» **Exercise data**

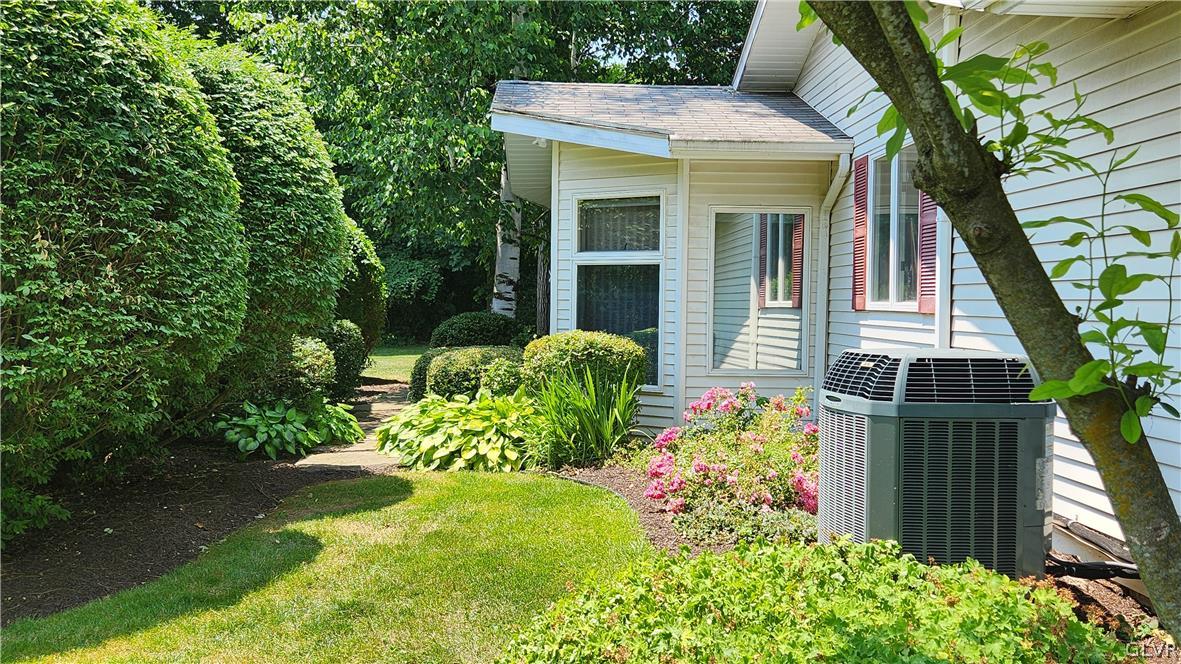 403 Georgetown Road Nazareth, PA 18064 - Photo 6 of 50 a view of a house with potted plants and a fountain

...

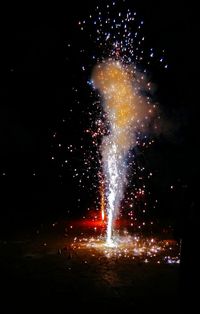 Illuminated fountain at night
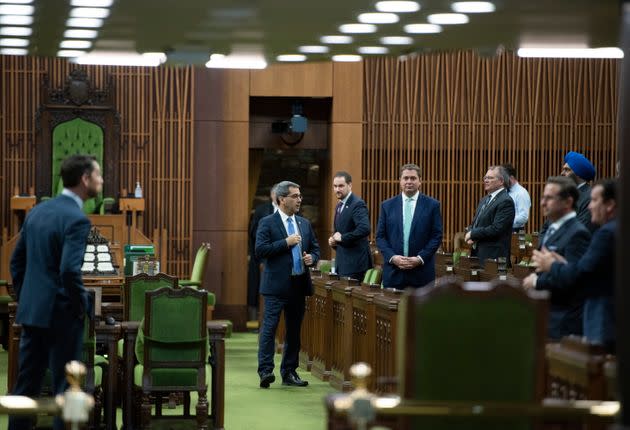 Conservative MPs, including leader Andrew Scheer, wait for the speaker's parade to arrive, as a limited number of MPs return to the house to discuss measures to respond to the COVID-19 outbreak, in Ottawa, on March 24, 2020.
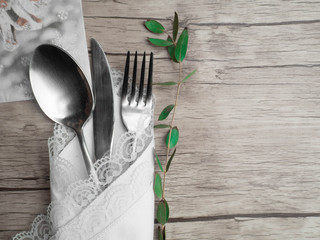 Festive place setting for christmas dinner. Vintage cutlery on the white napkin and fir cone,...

» **Task objective**
Pictures aside, return exactly the lines from the data above, starting at the line that has "Conservative MPs, including" and ending at the line that has "Festive place setting", both included.

» **Written answer**
 Conservative MPs, including leader Andrew Scheer, wait for the speaker's parade to arrive, as a limited number of MPs return to the house to discuss measures to respond to the COVID-19 outbreak, in Ottawa, on March 24, 2020.
 Festive place setting for christmas dinner. Vintage cutlery on the white napkin and fir cone,...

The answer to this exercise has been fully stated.